Begin at the line containing "Laying Style Blue" in the entries below and end at the line containing "ברסאנונה Waldheim Appartements"; transcribe that range exactly and nothing outside it.
Start of Block
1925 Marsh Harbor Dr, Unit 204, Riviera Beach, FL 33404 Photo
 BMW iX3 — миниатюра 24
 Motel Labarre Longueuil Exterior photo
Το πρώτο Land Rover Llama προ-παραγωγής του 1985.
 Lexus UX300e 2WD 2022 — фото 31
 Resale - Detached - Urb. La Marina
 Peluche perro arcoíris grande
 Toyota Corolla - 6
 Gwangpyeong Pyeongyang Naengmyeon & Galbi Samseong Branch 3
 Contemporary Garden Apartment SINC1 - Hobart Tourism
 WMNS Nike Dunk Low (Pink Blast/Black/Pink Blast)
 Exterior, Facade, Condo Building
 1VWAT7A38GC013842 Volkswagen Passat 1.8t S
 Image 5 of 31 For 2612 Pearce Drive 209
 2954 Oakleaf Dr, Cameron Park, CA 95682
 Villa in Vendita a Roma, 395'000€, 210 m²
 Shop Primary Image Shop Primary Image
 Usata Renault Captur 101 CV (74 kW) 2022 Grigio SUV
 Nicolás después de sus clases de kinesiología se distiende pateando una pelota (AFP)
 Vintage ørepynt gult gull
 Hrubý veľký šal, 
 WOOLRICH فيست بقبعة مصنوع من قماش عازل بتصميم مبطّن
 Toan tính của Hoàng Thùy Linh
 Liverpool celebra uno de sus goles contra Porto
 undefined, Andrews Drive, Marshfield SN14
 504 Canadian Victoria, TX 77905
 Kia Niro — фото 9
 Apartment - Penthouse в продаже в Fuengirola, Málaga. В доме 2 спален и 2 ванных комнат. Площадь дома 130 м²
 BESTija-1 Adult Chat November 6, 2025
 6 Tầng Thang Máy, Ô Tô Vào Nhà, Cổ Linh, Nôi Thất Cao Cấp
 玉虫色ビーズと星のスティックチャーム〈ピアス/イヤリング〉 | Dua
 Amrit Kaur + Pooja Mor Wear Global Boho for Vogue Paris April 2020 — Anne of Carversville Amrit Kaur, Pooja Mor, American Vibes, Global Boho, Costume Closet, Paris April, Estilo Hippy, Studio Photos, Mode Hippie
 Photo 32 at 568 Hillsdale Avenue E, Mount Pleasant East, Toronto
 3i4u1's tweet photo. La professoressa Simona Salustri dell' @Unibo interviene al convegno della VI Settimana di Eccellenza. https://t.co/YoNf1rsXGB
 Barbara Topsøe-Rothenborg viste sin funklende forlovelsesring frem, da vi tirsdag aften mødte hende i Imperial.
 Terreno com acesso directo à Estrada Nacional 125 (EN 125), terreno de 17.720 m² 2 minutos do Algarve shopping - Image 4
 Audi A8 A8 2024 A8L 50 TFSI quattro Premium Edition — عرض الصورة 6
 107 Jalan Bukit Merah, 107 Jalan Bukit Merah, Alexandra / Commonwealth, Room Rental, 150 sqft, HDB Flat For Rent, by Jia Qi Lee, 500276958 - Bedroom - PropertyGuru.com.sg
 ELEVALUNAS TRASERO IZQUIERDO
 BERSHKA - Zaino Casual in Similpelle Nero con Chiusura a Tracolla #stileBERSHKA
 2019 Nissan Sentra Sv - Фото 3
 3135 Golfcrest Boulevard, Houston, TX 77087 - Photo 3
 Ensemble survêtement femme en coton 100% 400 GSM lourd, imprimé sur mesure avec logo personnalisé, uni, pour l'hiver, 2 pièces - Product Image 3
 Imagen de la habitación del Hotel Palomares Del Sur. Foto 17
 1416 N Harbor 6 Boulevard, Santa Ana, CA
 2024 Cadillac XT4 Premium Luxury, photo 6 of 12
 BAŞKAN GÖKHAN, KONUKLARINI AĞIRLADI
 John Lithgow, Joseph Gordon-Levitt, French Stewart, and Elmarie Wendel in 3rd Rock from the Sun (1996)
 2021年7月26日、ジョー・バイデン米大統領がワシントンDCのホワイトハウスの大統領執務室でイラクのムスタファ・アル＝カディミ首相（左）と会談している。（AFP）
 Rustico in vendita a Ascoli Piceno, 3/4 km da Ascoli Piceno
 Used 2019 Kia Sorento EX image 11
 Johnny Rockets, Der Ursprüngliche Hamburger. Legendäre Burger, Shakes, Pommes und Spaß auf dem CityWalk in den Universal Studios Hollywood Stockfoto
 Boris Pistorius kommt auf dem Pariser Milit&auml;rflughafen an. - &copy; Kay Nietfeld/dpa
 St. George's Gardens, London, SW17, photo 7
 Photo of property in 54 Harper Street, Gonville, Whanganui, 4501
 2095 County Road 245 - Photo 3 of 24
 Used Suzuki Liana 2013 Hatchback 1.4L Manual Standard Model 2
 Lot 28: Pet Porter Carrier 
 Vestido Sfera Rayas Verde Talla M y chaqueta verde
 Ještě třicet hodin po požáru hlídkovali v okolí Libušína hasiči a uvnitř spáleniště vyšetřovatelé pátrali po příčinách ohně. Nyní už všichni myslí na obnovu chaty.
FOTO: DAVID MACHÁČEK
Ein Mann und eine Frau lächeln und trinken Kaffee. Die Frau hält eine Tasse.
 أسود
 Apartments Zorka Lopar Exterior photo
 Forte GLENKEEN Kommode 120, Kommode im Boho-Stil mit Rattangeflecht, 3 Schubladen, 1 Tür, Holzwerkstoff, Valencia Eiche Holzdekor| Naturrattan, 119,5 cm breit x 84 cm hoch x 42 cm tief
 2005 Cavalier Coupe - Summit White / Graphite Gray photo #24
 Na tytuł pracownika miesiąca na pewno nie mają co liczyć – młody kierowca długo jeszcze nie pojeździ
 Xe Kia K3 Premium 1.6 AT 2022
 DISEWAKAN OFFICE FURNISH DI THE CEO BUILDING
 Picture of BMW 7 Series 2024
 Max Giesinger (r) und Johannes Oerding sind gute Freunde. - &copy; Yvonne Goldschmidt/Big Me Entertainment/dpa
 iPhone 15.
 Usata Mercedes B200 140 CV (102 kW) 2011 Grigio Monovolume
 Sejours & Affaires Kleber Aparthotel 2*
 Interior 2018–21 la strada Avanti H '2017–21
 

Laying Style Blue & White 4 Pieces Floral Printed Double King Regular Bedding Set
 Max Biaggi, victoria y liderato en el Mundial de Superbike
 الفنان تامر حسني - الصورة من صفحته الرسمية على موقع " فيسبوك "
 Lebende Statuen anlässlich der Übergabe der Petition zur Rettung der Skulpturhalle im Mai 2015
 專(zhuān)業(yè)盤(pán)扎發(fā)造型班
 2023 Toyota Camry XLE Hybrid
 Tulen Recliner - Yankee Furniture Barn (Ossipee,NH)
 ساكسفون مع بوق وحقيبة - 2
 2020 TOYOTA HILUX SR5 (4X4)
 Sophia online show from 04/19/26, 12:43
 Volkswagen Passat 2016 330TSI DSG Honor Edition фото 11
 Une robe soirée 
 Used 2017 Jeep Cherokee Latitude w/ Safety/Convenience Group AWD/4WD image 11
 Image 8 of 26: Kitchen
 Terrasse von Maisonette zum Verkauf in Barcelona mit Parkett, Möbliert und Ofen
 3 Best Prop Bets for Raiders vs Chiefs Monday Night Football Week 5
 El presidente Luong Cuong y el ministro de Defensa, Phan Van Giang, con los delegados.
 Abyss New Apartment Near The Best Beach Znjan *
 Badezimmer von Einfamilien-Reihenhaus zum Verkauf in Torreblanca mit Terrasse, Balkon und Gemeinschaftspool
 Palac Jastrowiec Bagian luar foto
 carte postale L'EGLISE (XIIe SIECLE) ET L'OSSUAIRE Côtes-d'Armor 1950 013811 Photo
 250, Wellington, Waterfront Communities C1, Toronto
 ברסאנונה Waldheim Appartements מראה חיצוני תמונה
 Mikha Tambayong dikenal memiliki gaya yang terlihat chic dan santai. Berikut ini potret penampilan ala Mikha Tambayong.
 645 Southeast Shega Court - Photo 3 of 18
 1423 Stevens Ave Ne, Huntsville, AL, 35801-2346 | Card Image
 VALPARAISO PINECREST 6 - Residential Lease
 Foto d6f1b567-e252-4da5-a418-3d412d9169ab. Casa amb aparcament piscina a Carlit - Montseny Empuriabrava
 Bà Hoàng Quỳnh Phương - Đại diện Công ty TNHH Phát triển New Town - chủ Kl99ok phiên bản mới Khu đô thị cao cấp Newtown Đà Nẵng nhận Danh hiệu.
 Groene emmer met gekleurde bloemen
End of Block
■ ANSWER SPACE ■
Laying Style Blue & White 4 Pieces Floral Printed Double King Regular Bedding Set
 Max Biaggi, victoria y liderato en el Mundial de Superbike
 الفنان تامر حسني - الصورة من صفحته الرسمية على موقع " فيسبوك "
 Lebende Statuen anlässlich der Übergabe der Petition zur Rettung der Skulpturhalle im Mai 2015
 專(zhuān)業(yè)盤(pán)扎發(fā)造型班
 2023 Toyota Camry XLE Hybrid
 Tulen Recliner - Yankee Furniture Barn (Ossipee,NH)
 ساكسفون مع بوق وحقيبة - 2
 2020 TOYOTA HILUX SR5 (4X4)
 Sophia online show from 04/19/26, 12:43
 Volkswagen Passat 2016 330TSI DSG Honor Edition фото 11
 Une robe soirée 
 Used 2017 Jeep Cherokee Latitude w/ Safety/Convenience Group AWD/4WD image 11
 Image 8 of 26: Kitchen
 Terrasse von Maisonette zum Verkauf in Barcelona mit Parkett, Möbliert und Ofen
 3 Best Prop Bets for Raiders vs Chiefs Monday Night Football Week 5
 El presidente Luong Cuong y el ministro de Defensa, Phan Van Giang, con los delegados.
 Abyss New Apartment Near The Best Beach Znjan *
 Badezimmer von Einfamilien-Reihenhaus zum Verkauf in Torreblanca mit Terrasse, Balkon und Gemeinschaftspool
 Palac Jastrowiec Bagian luar foto
 carte postale L'EGLISE (XIIe SIECLE) ET L'OSSUAIRE Côtes-d'Armor 1950 013811 Photo
 250, Wellington, Waterfront Communities C1, Toronto
 ברסאנונה Waldheim Appartements מראה חיצוני תמונה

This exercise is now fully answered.